The assignment of colors to signify certain faculties developed much later and only was standardized in the United States in the late 19th century.
The sleeves of the robes vary, depending on the degree held by the wearer. The bachelor's robe has long, pointed sleeves. The master's robe has sleeves that are oblong and closed at the ends, open at the wrist. The doctoral robe has bell-shaped sleeves with a velvet facing on the front and at the neck, and three velvet bars on each sleeve. The velvet may be black or of a color that symbolizes the degree held by the wearer.
The head covering most commonly used in the United States is the square, tasseled mortarboard. Those in doctoral regalia may wear an eight-sided tam. Tassels are worn over the left front quarter of the mortarboard if a baccalaureate degree has been earned, and worn on the right for bachelor's degree candidates. Holders of doctoral degrees may wear gold tassels.
The hood is the most distinctive feature of American academic dress, which through color and design may indicate the wear's degree and the institution at which that degree was earned.
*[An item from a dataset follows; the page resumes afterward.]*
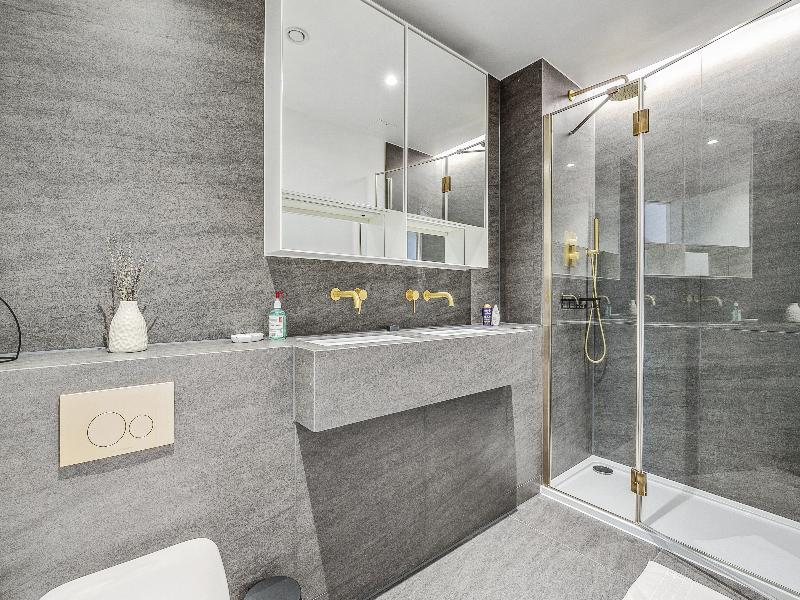 StayCozy Apartments in Kings Cross image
Hoods are lined with the colors of the institution that awards the degree, and are faced with the color designating the degree awarded. Hoods vary in length. The bachelor's hood is three feet long, the master's hood is three and one-half feet, and the doctoral version is four feet long and is decorated with broad color panels.
The gown is the bottom layer of the regalia followed by medallions and cords, followed by the hood. At Oklahoma State University, bachelor's hoods are only worn by undergraduate candidates for an honors degree. Learn more about Honors Regalia.
Candidates for advanced or professional degrees wear hoods symbolic of the degree. The color of the trim of the hood and the sleeve chevrons and panels of the academic gown are distinctive of the degree.
The colors of Oklahoma State University are embodied in the lining of the hood (orange and black chevron). The colors of the hoods of faculty and guests are those of the institution conferring the degree.